Accordingly, after taking the time to devour the entire Terrorism Suppression Act 2002, he has quite rightly pulled me up on a couple of points of law in order to have a dig. All fair in love and blogging I suppose.

Accordingly - My Right is happy to concede that Margaret Mutu (although as misguided as Helen Clark's stylist) is not a terrorist according to the Terrorism Suppression Act 2002.

But My Right feels the criticism (it's the tone that hurts Idiot) is a touch disingenuous. Take this piece:
"I'm constantly appalled by the right's eagerness to fling charges of "treason" at anyone who disagrees with them, and sadly our local right-wing bloggers are no exception. In response to last week's comments by Margaret Mutu, MyRight suggested that she be prosecuted for terrorism, under the Terrorism Suppression Act 2002." [My Right has not been spoken to like that since the infamous - "I'm not angry, just disappointed" speech from Forever Right Snr in 1989]
At no point did I suggest she should be prosecuted, merely that her ludicrous outburst made a certain piece of legislation "ring a bell". My Right then cautions himself!! Admitting that relating Mutu's words to terrorism may be 'considered reaching' - but no more so than relating NZ to Palestine.

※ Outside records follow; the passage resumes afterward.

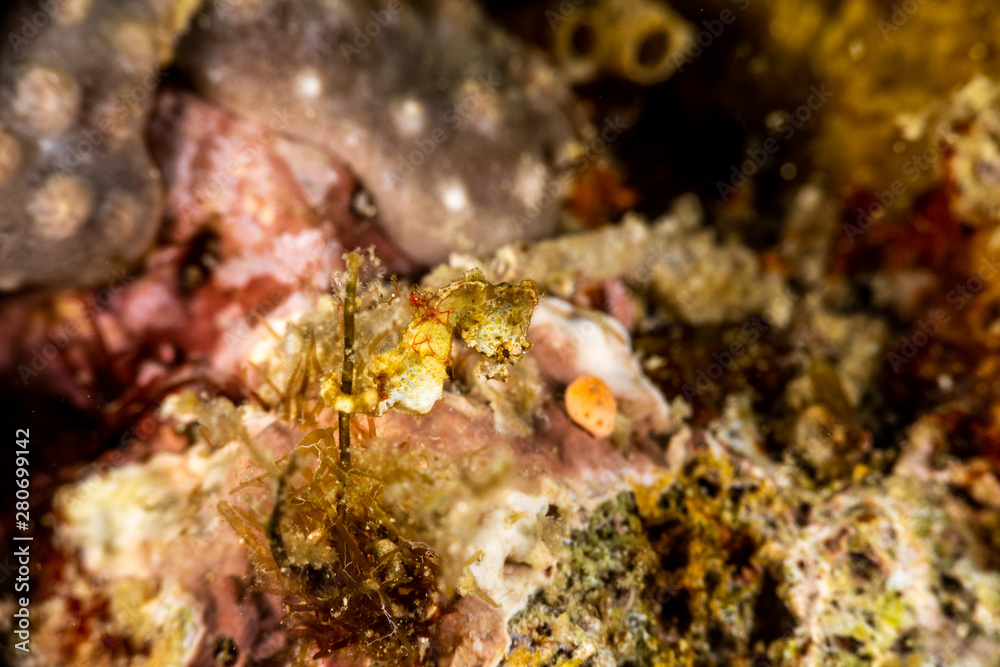 Pontoh's pygmy seahorse or the weedy pygmy seahorse, Hippocampus pontohi, is a seahorse of the family Syngnathidae native to the central Indo-pacific Pontoh's pygmy seahorse or the weedy pygmy seahorse, Hippocampus pontohi, is a seahorse of the family Syngnathidae native to the central Indo-pacific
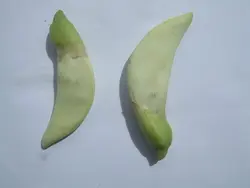 بذر گل خوراکی آگاتی (سسبان سفید) <br> بسته 5 عددی بذر <br> Agati Flower <br><i><b> Sesbania grandiflora </i> Seeds</b>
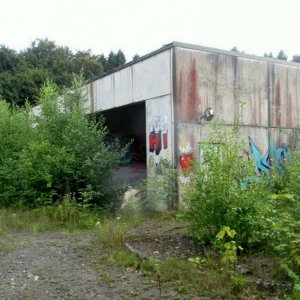 VB80.jpg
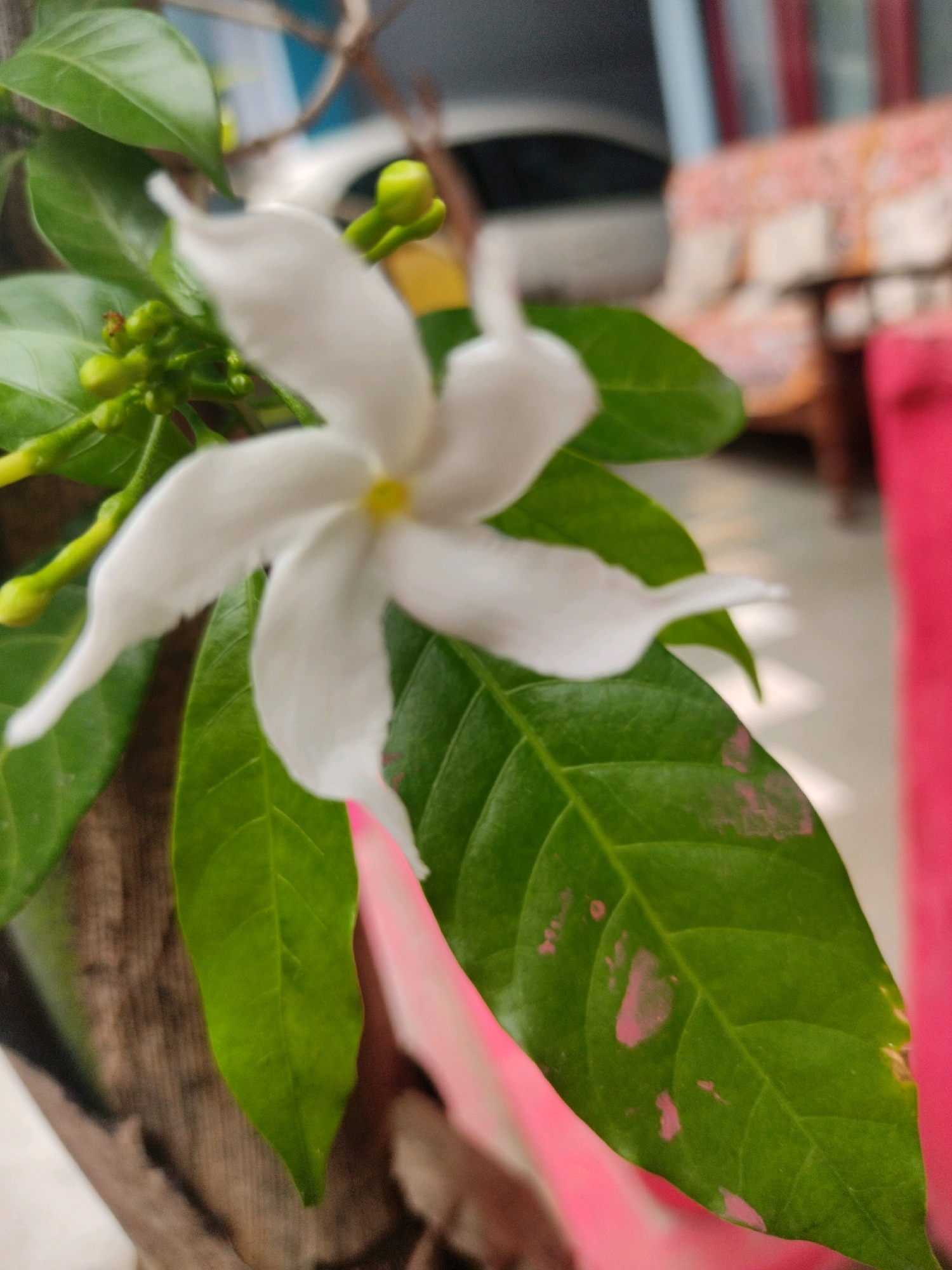 The image depicts a close-up view of a white flower with five petals, likely a Jasmine variety, with green leaves and buds. The flower is in focus, while the background is blurred, showing a hint of pink upholstery and possibly a wooden structure. The leaves exhibit some minor pinkish discoloration. The scene appears to be outdoors, given the lighting and the presence of natural elements. The specific location in Bhopal, India, cannot be determined from the visual information provided.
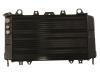 Radiator Yamaha FZR 1000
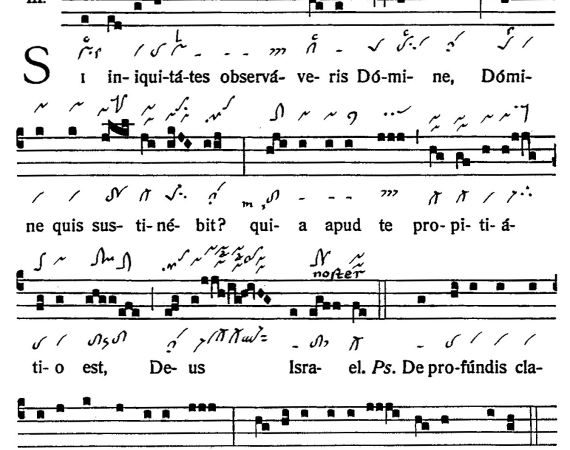 INTROITUS: 28th Sunday in Ordinary Time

All this under the title "Since sensationalism is the order of the day".

Never let it be said that Idiot does not take himself seriously, very seriously indeed.

We are being robbed people 

John Key has started on what should be a year long campaign to demonstrate what is essentially one of the last defining differences between 'the left' and 'the right' - tax.

National - you take what you need to ensure essential infrastructure, to provide public services, to provide welfare safety net and let people get on with life.

Labour - tax the bejesus out of 'the rich' to 'redistribute' to anyone that will vote for you next time.
Labour increased the top rate of tax by 6c to 39c after the 1999 election saying it would use the money for health and education and promising that only the wealthiest 5 per cent of taxpayers would be affected. That has since risen to 10 per cent with wage hikes.

Prime Minister Helen Clark said yesterday a booming economy was the reason. She indicated Labour was unlikely to alter the top rate.

"In the end you have to weigh up whether you want to give tax cuts or keep pouring the benefits back into health, education and the services that the New Zealand public like and want and deserve and should have."
The doctors no cheaper for me than it was yesterday Helen, I am still repaying my student loan and the only other 'increased service' I have noticed is an increase in people ready and waiting to give me a speeding ticket. Leave enough money in people's pocket for them to afford a decent heater and the power to run it - and they may not need your doctors subsidy.

National need cogently demonstrate that this Government is making life as costly as possible for middle New Zealand. This is John Key's task for the next 12 months, he has started, good luck to him.